The Many Benefits of LinkedIn:

  • It allows you to exhibit to the world (but most importantly to recruiters and potential employers) your professional credentials in a professional setting that is a job site.
  • It is a primary source of job leads – based on the data that you choose to include in your LinkedIn profile, plus your viewing and search patterns. LinkedIn algorithms select available jobs that seem to suit your background, skills, and interests and alerts you to them. It also identifies the people within your network that can increase your chances of landing an interview at the particular organization with that job opening (more on that in a moment). And It allows recruiters to alert you to openings.
  • LinkedIn has a feature known as Influencers, which gives you access to the thinking of leading business titans and public figures (ranging from Richard Branson to President Obama to Tony Robbins to Ariana Huffington) through their postings unique to LinkedIn.
  • Through its many virtual “associations” (e.g. the Intelligence-based Cybersecurity group, the Creative Writers and Designers group) you can gain valuable information from peers, join threaded conversations with them, and perhaps even strike up new connections.
  • Most importantly, it provides you a means of easily contacting thousands of people in a myriad of industries, organizations, and professional associations who can be sources of “inside information” on their fields, their companies, how they came to land their jobs, what a potential boss is like, skills necessary to succeed, etc. Depending on the strength of your connection, these contacts may be able to open doors for you that the average outsider could never access.

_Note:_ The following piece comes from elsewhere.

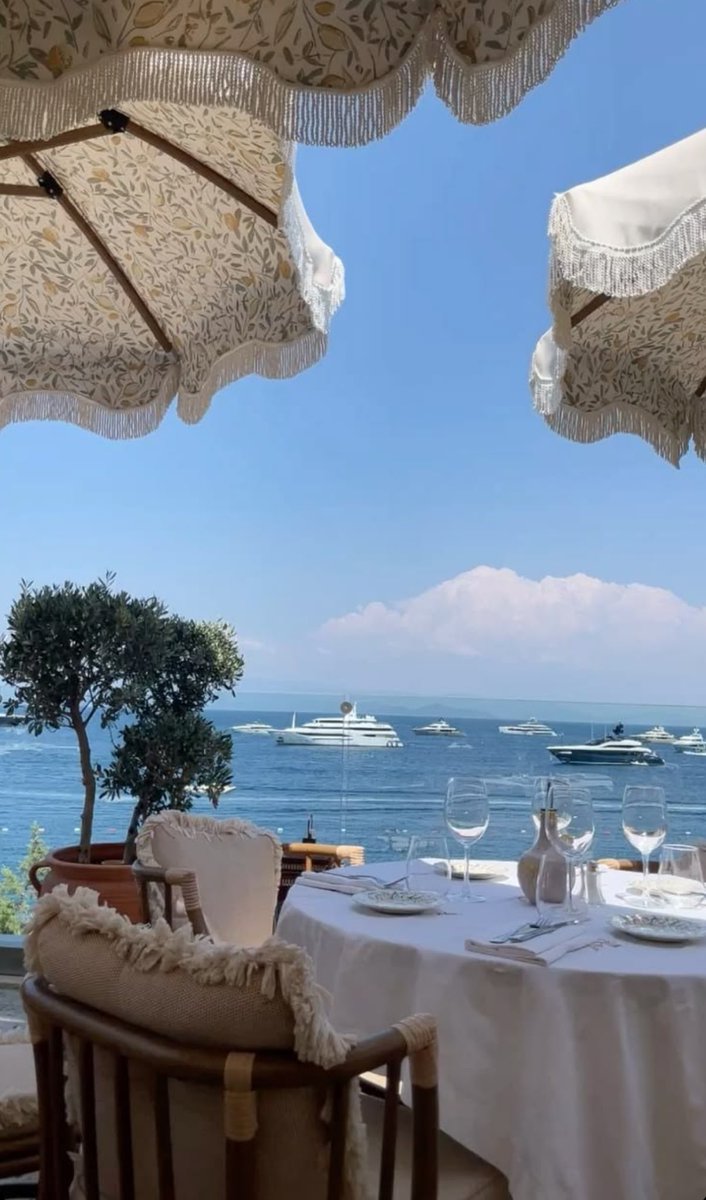 Elle Lookbook tweet media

Here’s How to Get Started & How it Works


You post a profile on LinkedIn, including a professional summary, a job and education history, skills/ interests, and a photo. You begin adding contacts by inviting people to join your network. Increasing your QUALITY contacts (see below) has exponential value. If you have a network of 20 people, each of those twenty will have approximately 250 contacts of their own, the vast majority of whom you are unlikely to know. So through your 20 contacts you are only one step removed from potentially 5000 people (20×250). If you have 100 people you are one step away from 25,000. Because I have been around a long time and have on average fairly senior level contacts, I am, through my network of more than 600 people, just one step away from over 150,000! I can reach out to people all over the world in a huge variety of fields, at thousands of different organizations, potentially asking my “first degree” contacts (those belonging to my network) for the favor of an introduction to a key decision maker or source of information.

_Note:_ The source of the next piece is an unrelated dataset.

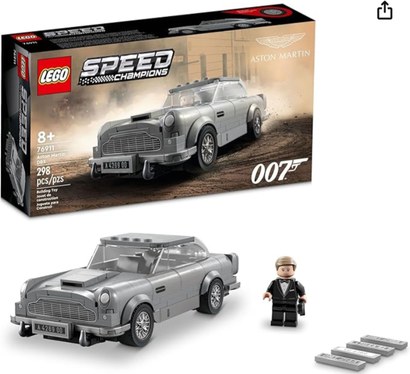 Image of the LEGO Creator Expert Fiat 500 boxed set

Say that Bob Jones is one of your contacts. You see that he is connected to Betty Smith, the HR manager at a company to which you want to apply. You simply contact Bob and ask him to facilitate a connection with Betty (“Bob, I see you know Betty Smith. I want to learn more about her organization. Would you do me the favor of e-mailing her and asking her if she’d be willing to chat with me for a few minutes?” OR “Would you tell her I’m interested in applying for a position there and that you’re vouching for me; would you put in a good word?”).

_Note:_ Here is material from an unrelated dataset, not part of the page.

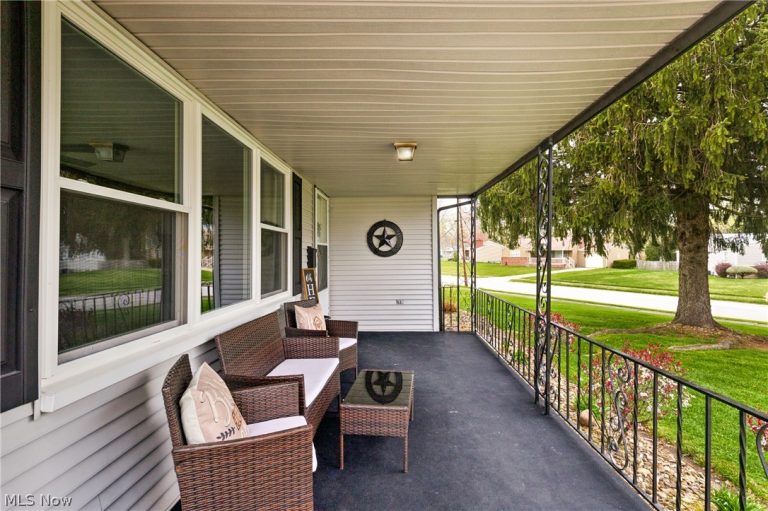 2700 Christine Lane, Youngstown, OH - Photo 5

That’s why, in thinking about the people you can add to invite, limit it to PEOPLE WHO HAVE A POSITIVE IMPRESSION OF YOU AND WOULD BE WILLING TO SUGGEST TO A COLLEAGUE THAT HE/SHE SPEAK TO YOU. But think broadly – many people mistakenly limit their LinkedIn network to professional contacts, thereby overlooking other groups: friends, neighbors, classmates.


There’s one group of potential contacts known as DORMANTS. As noted on LinkedIn’s site: “Dormant ties are the people we used to know. Think about the people with whom you’ve lost touch for a few years: a childhood neighbor, a college roommate, or a colleague from your first job”. In groundbreaking research, Daniel Levin, Jorge Walter, and Keith Murnighan asked hundreds of executives to seek advice on a major work project from two dormant ties. When they compared the value of these conversations to the advice from current contacts, the dormant ties were actually more useful. The executives received more valuable solutions, referrals, and problem-solving assistance from people they used to know than their current friends, colleagues, and acquaintances. Why?

Just like weak ties, dormant ties offer novel information: in the years since you last communicated, they’ve connected with new people and gathered new knowledge. But unlike weak ties, dormant ties also bring the benefits of longstanding familiarity. The history and shared experience makes it more comfortable to reconnect, and you can count on them to care more about you than mere acquaintances do.

Second Degree Contacts

Also, the vast majority of jobs come from interactions with SECOND degree contacts, not firsts. This is partly because there are so many more second degree contacts than first, but it’s also because chances are that you may have already “mined” first degree contacts for connections and information.

LinkedIn itself provides several ways of facilitating the invitation process, e.g. suggesting individuals you may know (based on the information in your profile), and asking if you’d like to have your address book scanned for LinkedIn members you can invite to join your network. Try to personalize those invitations rather than simply relying on LinkedIn’s standard form.